§ **Dataset excerpt**
+===+

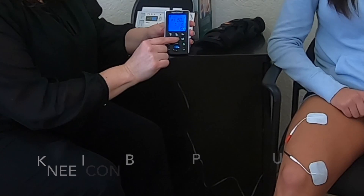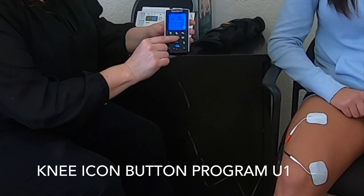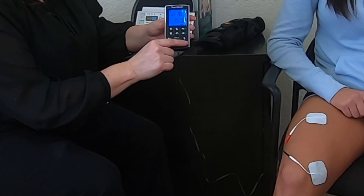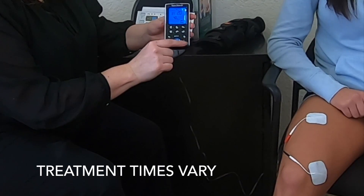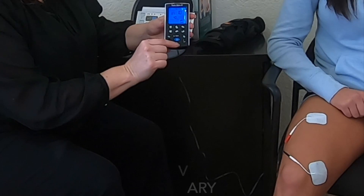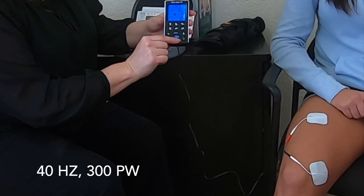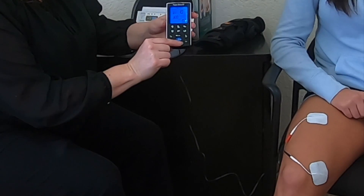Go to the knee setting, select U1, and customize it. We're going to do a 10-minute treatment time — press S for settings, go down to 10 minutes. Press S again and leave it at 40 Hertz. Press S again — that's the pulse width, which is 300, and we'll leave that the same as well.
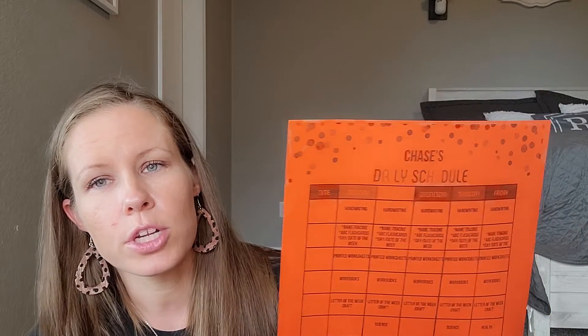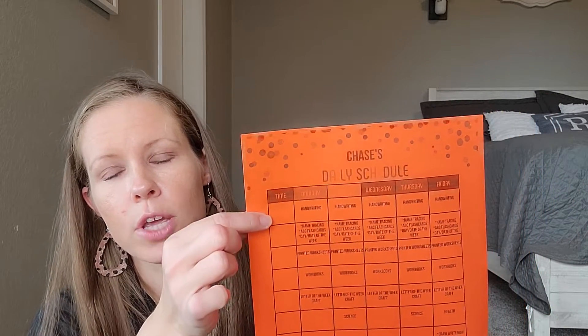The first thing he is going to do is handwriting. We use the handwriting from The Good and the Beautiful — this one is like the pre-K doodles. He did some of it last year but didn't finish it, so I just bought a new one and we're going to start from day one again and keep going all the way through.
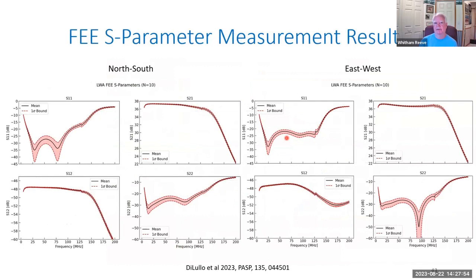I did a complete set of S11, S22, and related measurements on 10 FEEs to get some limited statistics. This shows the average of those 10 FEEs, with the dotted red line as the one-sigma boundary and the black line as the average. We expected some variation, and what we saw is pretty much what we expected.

+===+

§ **Problem requirements**
Write out, exactly, the lines of the material from the very first through the line containing "The first thing", and leave out every picture.

§ **Expected answer**
Go to the knee setting, select U1, and customize it. We're going to do a 10-minute treatment time — press S for settings, go down to 10 minutes. Press S again and leave it at 40 Hertz. Press S again — that's the pulse width, which is 300, and we'll leave that the same as well.
The first thing he is going to do is handwriting. We use the handwriting from The Good and the Beautiful — this one is like the pre-K doodles. He did some of it last year but didn't finish it, so I just bought a new one and we're going to start from day one again and keep going all the way through.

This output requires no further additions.